Section 0: Introduction#

Video 1: Extensions#

Submit your feedback#

Section 1: Download and prepare MNIST dataset#

We use the helper function downloadMNIST to download the dataset and transform it into torch.Tensor and assign train and test sets to (x_train, y_train) and (x_test, y_test).

The variable input_size stores the length of vectorized versions of the images input_train and input_test for training and test images.

Instructions:

Please execute the cell below

# Download MNIST
x_train, y_train, x_test, y_test = downloadMNIST()

x_train = x_train / 255
x_test = x_test / 255

image_shape = x_train.shape[1:]

input_size = np.prod(image_shape)

input_train = x_train.reshape([-1, input_size])
input_test = x_test.reshape([-1, input_size])

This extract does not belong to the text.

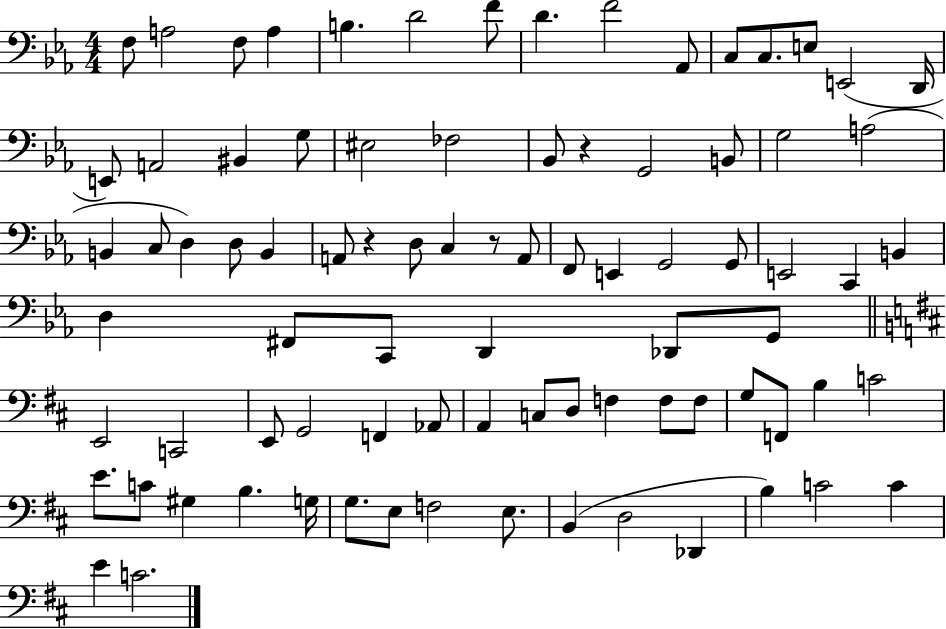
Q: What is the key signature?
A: EES major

test_selected_idx = np.random.choice(len(x_test), 10, replace=False)
train_selected_idx = np.random.choice(len(x_train), 10, replace=False)

print(f'shape image \t \t {image_shape}')
print(f'shape input_train \t {input_train.shape}')
print(f'shape input_test \t {input_test.shape}')

Section 2: Deeper autoencoder (2D)#

The internal representation of shallow autoencoder with 2D latent space is similar to PCA, which shows that the autoencoder is not fully leveraging non-linear capabilities to model data. Adding capacity in terms of learnable parameters takes advantage of non-linear operations in encoding/decoding to capture non-linear patterns in data.

Adding hidden layers enables us to introduce additional parameters, either layerwise or depthwise. The same amount \(N\) of additional parameters can be added in a single layer or distributed among several layers. Adding several hidden layers reduces the compression/decompression ratio of each layer.

Coding Exercise 1: Build deeper autoencoder (2D)#

Implement this deeper version of the ANN autoencoder by adding four hidden layers. The number of units per layer in the encoder is the following:

784 -> 392 -> 64 -> 2

The shallow autoencoder has a compression ratio of 784:2 = 392:1. The first additional hidden layer has a compression ratio of 2:1, followed by a hidden layer that sets the bottleneck compression ratio of 32:1.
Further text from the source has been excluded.